Dunfermline 01/09/2008 07:38:29
Was the proposed Harvard Business School in Dunfermline wrong?

The people of Dunfermline have been fortunate over a long period of time in being gifted land and buildings by local benefactors. The first such gift that I am aware of, a large tract of monastic land, was gifted them by the Abbot of Dunfermline, Robert of Crail in 1322. The terms of the gift were that many acres of pasture land was gifted to the ordinary people of Dunfermline in perpetuity, to do as they wished with in return for a token annual fee—six pence or a pair of white Paris gloves!

Perhaps this well documented act of benevolence by the Abbot of Dunfermline was the ideal that inspired Andrew Carnegie, Dunfermline’s best-known son, to carry out his philanthropy in later life? One thing is certain the Abbot’s gift has all but disappeared over the years as corrupt or lazy stewards of the common good allowed it to be sold or given away. Today very little is left.

It is a matter of record that Andrew Carnegie was aware of the purloining of common good land by the landowners of his day. When Andrew Carnegie decided to gift the 70-acre Pittencrieff Park and Glen together with money to support its upkeep in perpetuity—specifically for the people’s leisure—he gave it to a dedicated Trust. Perhaps Carnegie wanted to avoid his gift to the people of Dunfermline going the same way as that of his mentor in philanthropy Robert of Crail.
Sadly it appears that the gift Carnegie described as his “most precious” is under threat as it faces development to bail out the cash-strapped Fife Council who took over the stewardship of the park when the designated stewards, the Carnegie Dunfermline & Hero Fund Trustees fell on hard times. Having failed in their bid to attract the Harvard Business School building in the Glen the Trust have not given up their commercial development ambitions.

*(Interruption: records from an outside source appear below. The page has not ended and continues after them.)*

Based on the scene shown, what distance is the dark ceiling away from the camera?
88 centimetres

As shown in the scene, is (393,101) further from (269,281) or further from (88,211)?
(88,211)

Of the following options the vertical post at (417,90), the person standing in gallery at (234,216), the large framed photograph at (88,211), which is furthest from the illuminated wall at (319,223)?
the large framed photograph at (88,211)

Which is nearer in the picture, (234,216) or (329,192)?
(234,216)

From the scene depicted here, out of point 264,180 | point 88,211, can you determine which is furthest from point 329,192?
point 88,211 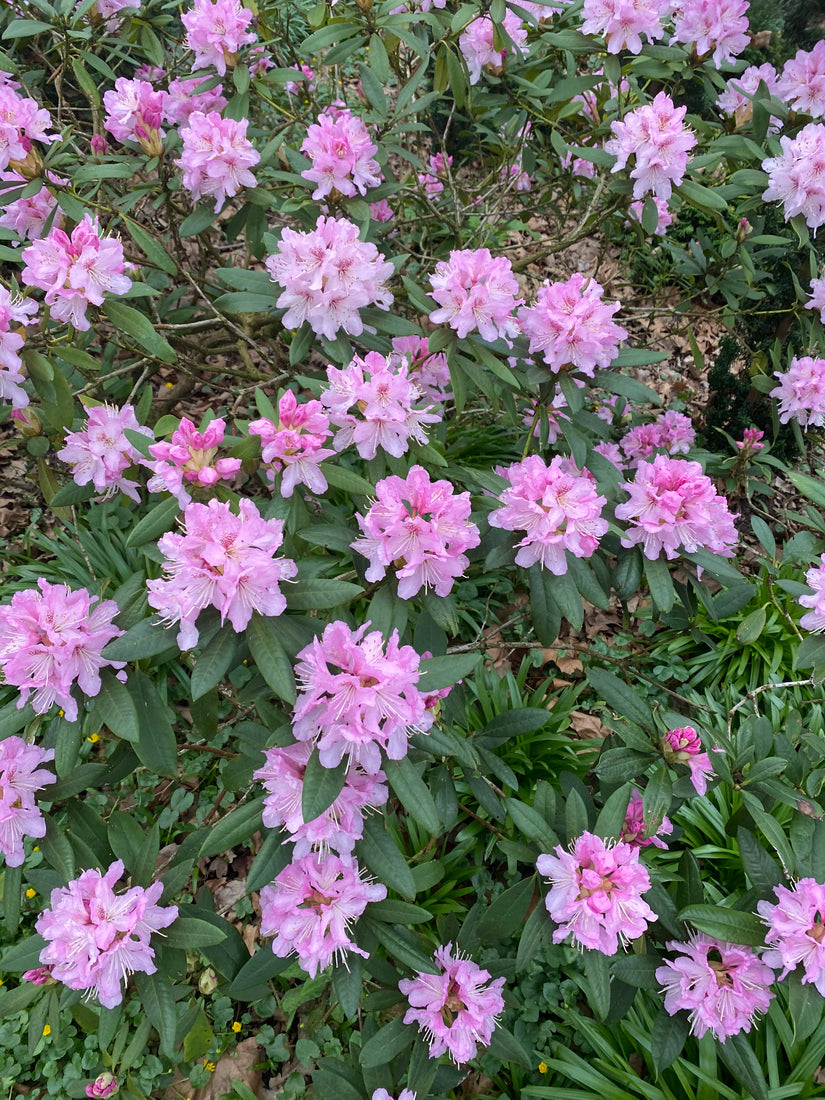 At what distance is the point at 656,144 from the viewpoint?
159 centimetres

Save Our Glen website is a website set up to take a detailed look at the stewardship of Pittencrieff Park by the Carneg
2

Thomas J,

Dunfermline 01/09/2008 07:39:59
Contd.......
Carnegie Dunfermline & Hero Fund Trustees/Fife Council, and to chronicle the threat to the people's park of Pittencrieff and if possible mobilize the people to stop this loss of green space.

If the specific terms of gifts to the people can be overturned and reversed by those entrusted with their stewardship, the long tradition of benevolent giving in Scotland will come to an end. What present-day Carnegie would gift land or precious artifacts if they know that these might be sold off to augment their profligate local council’s cash shortfall?